Fitting 20 folds for each of 191 candidates, totalling 3820 fits


Pipeline(steps=[('prep',
                 Pipeline(steps=[('scaler', StandardScaler()),
                                 ('transformer',
                                  QuantileTransformer(output_distribution='normal'))])),
                ('pca', PCA(n_components=13)),
                ('clf',
                 RandomForestClassifier(max_depth=30, n_estimators=300))])

# 5. Evaluation

In [53]:
# final Model
pca = PCA(n_components=13)
pipe = Pipeline(steps=[('prep',
                 Pipeline(steps=[('scaler', StandardScaler()),
                                 ('transformer',
                                  QuantileTransformer(output_distribution='normal'))])),
                ('pca', pca),
                ('clf',
                 RandomForestClassifier(max_depth=30, n_estimators=300))])

* ### Accuracy
    As we applied final model to the test dataset, the balanced accuracy score is around 0.70, which means our correct classification rate is about 65%

In [54]:
pipe.fit(X_train, y_train)
y_pred = pipe.predict(X_test)
bas = accuracy_score(y_test, y_pred)
print(f"accuracy_score: {bas: .4f}")

accuracy_score:  0.6500


# 5. Conclusion

* ### Final Model
From the result of cross validation above, we decide our final model is the one with PCA. The Steps in the final pipeline are as follows:
    * Standardization and Transformation
    * PCA, with n_components = 13
    * RandomForestClassifier(class_weight='balanced', max_depth=50, n_estimators=150)

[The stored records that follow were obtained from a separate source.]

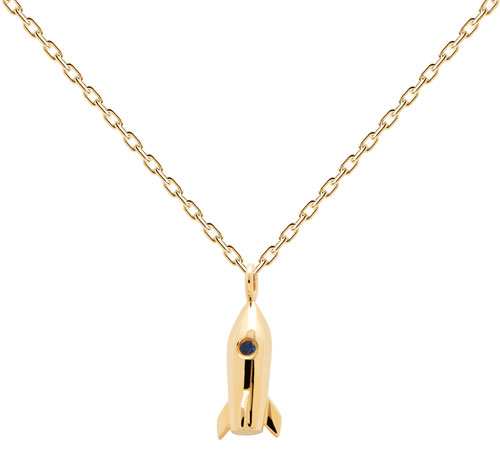 PDPAOLA 18K Gold Plated Silver Necklace/ CO01-189-U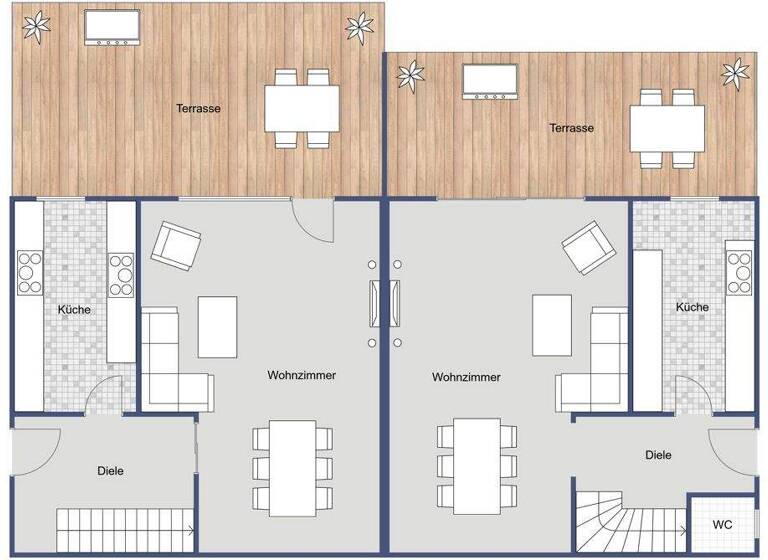 Haus zum Kauf provisionsfrei 994.000 € 7 Zimmer 202 m² 1.228 m² Grundstück Ohligs-Aufderhöhe Solingen / Auf der Höhe 42699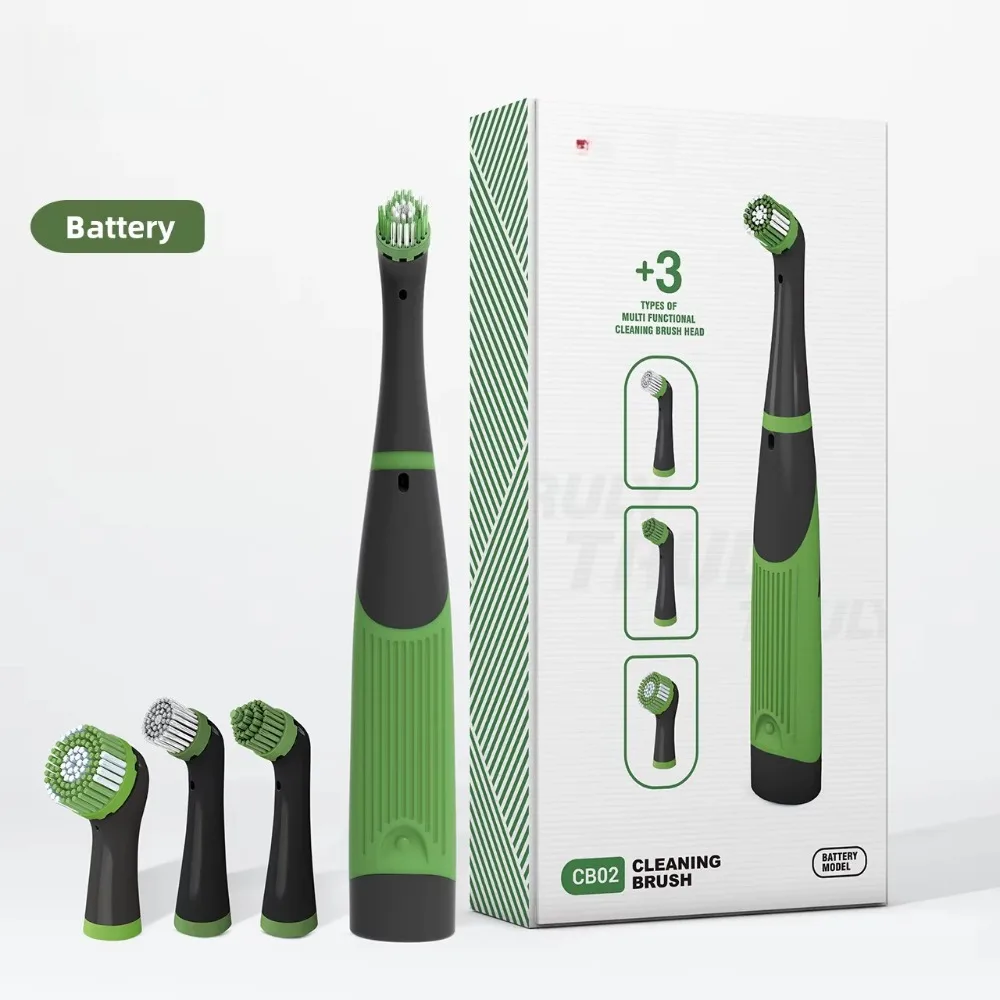 Electric Cleaning Brush Kitchen Bathroom Multifunctional Cleaner Electric Shoe Shine Brush Handheld Cleaning Brush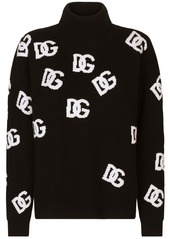 Dolce & Gabbana DG-logo virgin wool jumper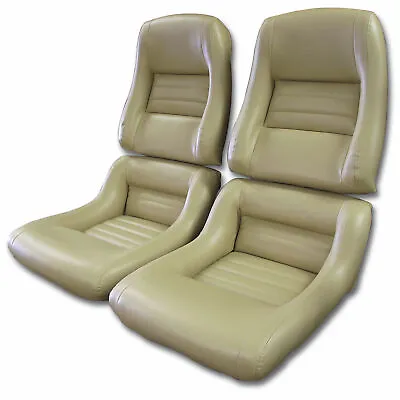 Corvette C3  Leather-Like  Vinyl Seat Covers Doeskin 2  Bolster 1979-1980 • $413.99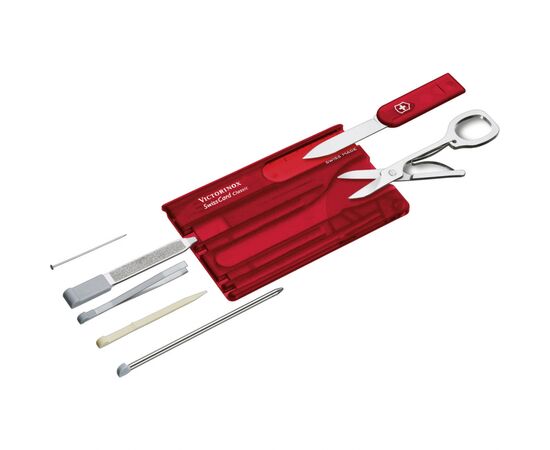 Нож Victorinox SwissCard Transparent Red (0.7100.T), изображение 3 Нож Victorinox SwissCard Transparent Red (0.7100.T), изображение 3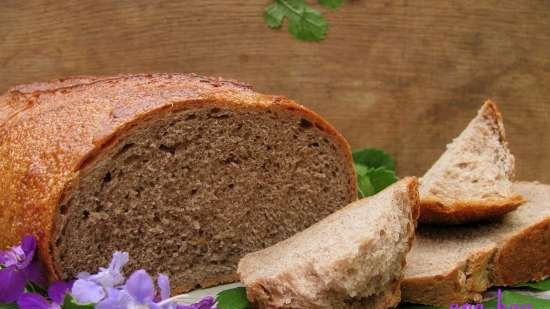 Wheat bread with mulberry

    Note: Random Forest has only hyperparameters and no parameters.

* ### Feature Importance
    We still can calculate feature importances, but as we mentioned above in the validation session, the importance with original features is not significant individually, and they obviously have some relationship with other feature, and when they are combined together, they shows some significant importance, so the importance of original features actually is meaningless to our interpretation.
    
    As we applied PCA to our model to realize this combination and transformation, we can recognize some component with significant importances, while unfortunately, we can no longer know what the new features are.

In [55]:
# explained variance ration of each component (new feature) after PCA
for i, r in enumerate(pca.explained_variance_ratio_):
    print(f"Component #{i}: {r:>6.2%}")

Component #0: 26.41%
Component #1: 17.50%
Component #2: 10.43%
Component #3:  7.28%
Component #4:  4.85%
Component #5:  3.57%
Component #6:  2.96%
Component #7:  2.66%
Component #8:  2.11%
Component #9:  1.75%
Component #10:  1.54%
Component #11:  1.45%
Component #12:  1.20%


* ### Business Application
    Our accuracy score of prediction is about 65%, which looks good to be applied to a auto genre classification for music classification, search and recommendations functionalities of music apps like Spotify.

* ### Limitations:
    * As we applied PCA, we are unable to interpret the importance of real features, but fortunately, in this practical problem, prediction is more important than interpretation.
    * Genre Classification is not enough for music recommendations

* ### Future Directions:
    Genre classification with music features is only one of multiple ways to realize the music recommendation fucionalities. We can also use music features and lyrics to do similarity analysis and sentiment analysis, which could provide us recommendation methods from other aspects.